Maalesef sendikalar sınıf mücadelesinin gerisinde kaldılar. Dünyada ve Türkiye’de süren küresel mali krizin bedeli işçi sınıfına yüklenirken ve işçi sınıfı daha da yoksullaşırken, sendikal bürokrasilerin fabrikaları örgütlemek gibi bir niyetleri yok! Ellerindeki mevcut üyeler ve o üyelerden gelen aidatlar kendilerine yetiyor sanırım. Kendi lüks yaşamlarını bırakıp gerçekten mücadele vermek gibi bir niyetleri yok. Hali hazırda fabrika önlerindeki direnişler işçilerin kendiliğinden örgütlenip sendikaya üye olmaları sendikaların çalıştığı anlamına gelmiyor. Tam tersine birçok bürokratik sendika yönetimi, yükselen bu mücadelelerin ateşini söndürerek mücadelelerin kazanım olmadan bitmesine neden oluyor.

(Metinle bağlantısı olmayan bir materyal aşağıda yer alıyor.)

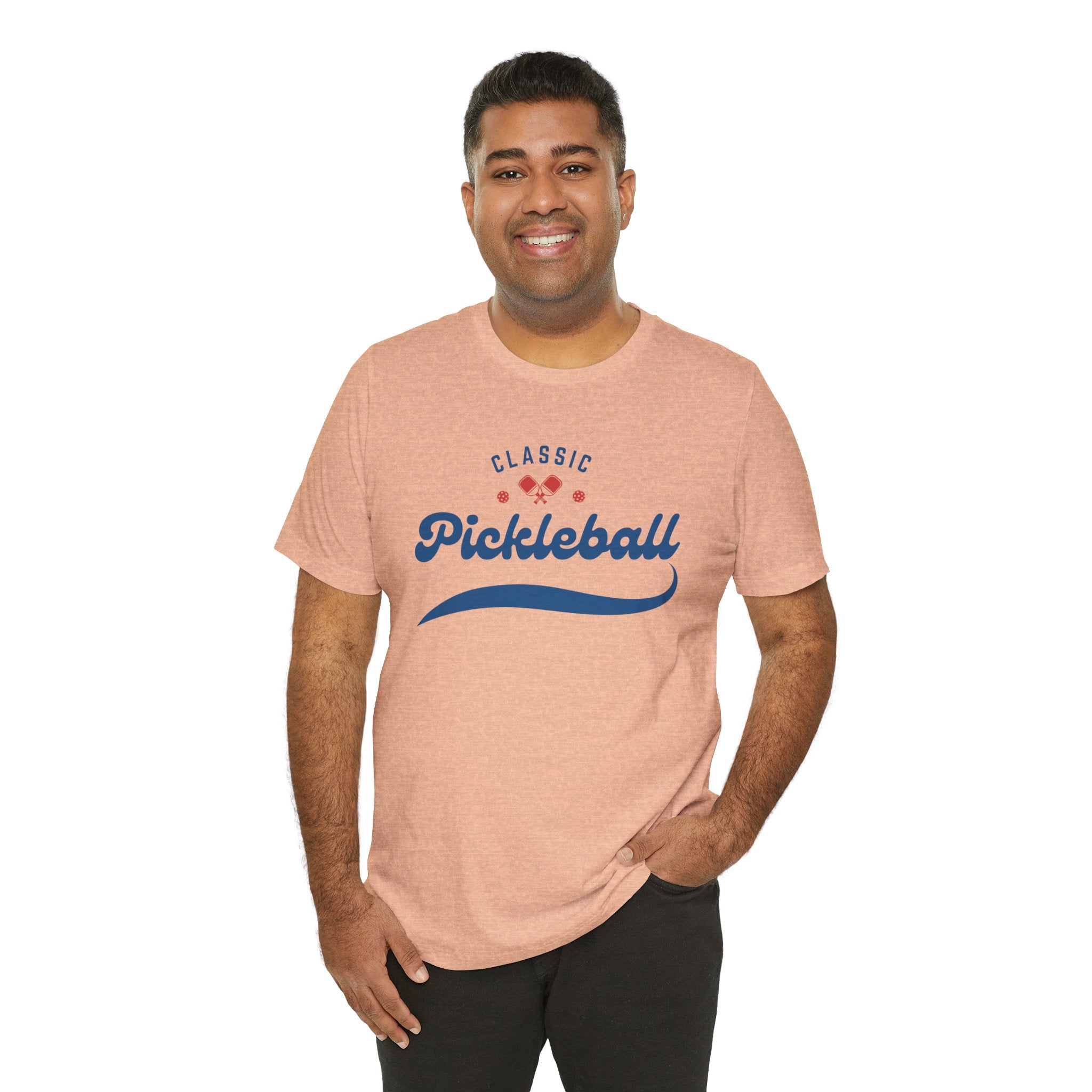 Red and blue pickleball script T-shirt featuring paddle and ball design, casual wear by Printify.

Sanayi havzalarında yükselen direnişler ve bu direnişlerin kazanımla bitmesi ve daha da yayılması için siyasi dergi, kurum, dernek ve partilerin desteği gerekiyor. İşçi sınıfının gerçek taleplerini dile getirmesi ve yaygınlaşması için siyasi kurumların mücadelenin içinde yer almaları ve işçilerle birlikte çalışmaları gerekiyor. Yükselen direnişler ve talepleri kendi yayın organlarında paylaşıp, hem işverene karşı mücadelede fiilen işçilerin yanında olmaları gerekiyor. Bir yandan da sendikal bürokrasilere şirin görünmek yerine, sendikalara baskı yapıp onları mücadelelerin kazanımı için çalışır duruma getirmeleri gerekiyor.

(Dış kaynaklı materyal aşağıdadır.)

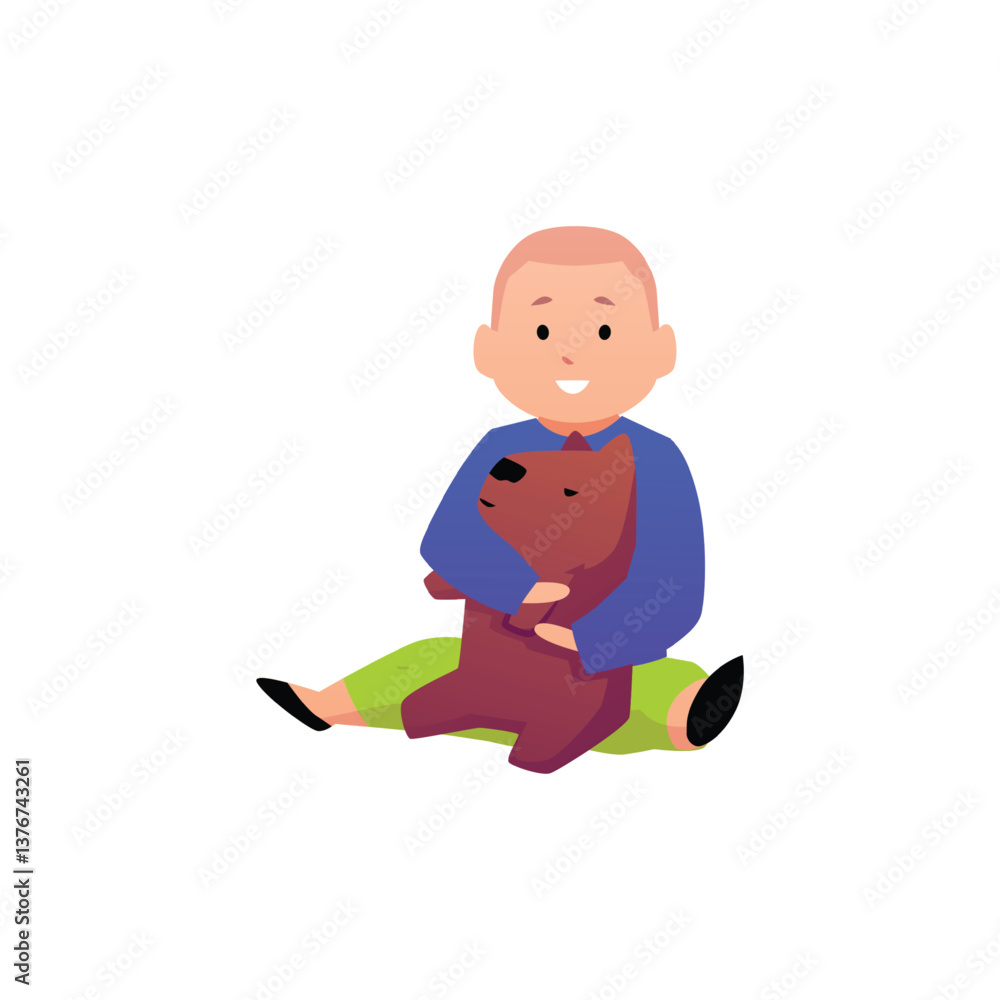 Cute happy baby boy sitting and hugging the dog toy, vector cartoon first year of child, funny infant, cheerful toddler Cute happy baby boy sitting and hugging the dog toy, vector cartoon first year of child, funny infant, cheerful toddler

Maalesef siyasi dostlarımızın önemli bir kesimi işçi sınıfının verdiği bu mücadeleden uzaklar. Sınıf mücadelesinin yanında olduklarını söyleseler de fiilen aslında sınıf mücadelesinden uzaklar ya da anlamıyorlar. Sadece hali hazırda süren direnişleri ziyaret edip, “biz de bu direnişe gittik, oradaydık.” rolünü üslenmeye çalışıyorlar. Ne mücadelenin içindeler, ne de işçileri anlıyorlar! Reklam ve siyasi olarak bir işçiyi kazanma çalışması genellikle direnişlere faydadan çok zarar veriyor. Yani gerçek mücadeleden uzaklar. Ondan dolayı işçi sınıfına hitap etmiyorlar ve sınıf içerisinde büyümüyorlar. Bazılarının sınıf içerisinde kökleşmek gibi bir derdi de yok.
Başa dönecek olursak birçok siyasi kurum1 Mayıs işçi bayramında işçi sınıfından uzak, sadece kendi gövdesinin reklamını yaptı. Attıkları sloganların ve taleplerin birçoğunun da gerçeği temsil ettiğini düşünmüyorum. Sendikal bürokrasiler de aynı şekilde işçi sınıfının yanında olduklarını söylüyorlar, bundan dolayı alanlarda olduklarını söylüyorlar ama sadece o gün alana geliyorlar. Haricinde sınıf mücadelesinin içinde yer almalılar. Mevcut sisteme, patronlara ve iktidara hizmet etmenin peşindeki sendikalar sürekli teşhir edilmeli, işçi sınıfının derdinde olmayanlar işçi sınıfı saflarından dışarı!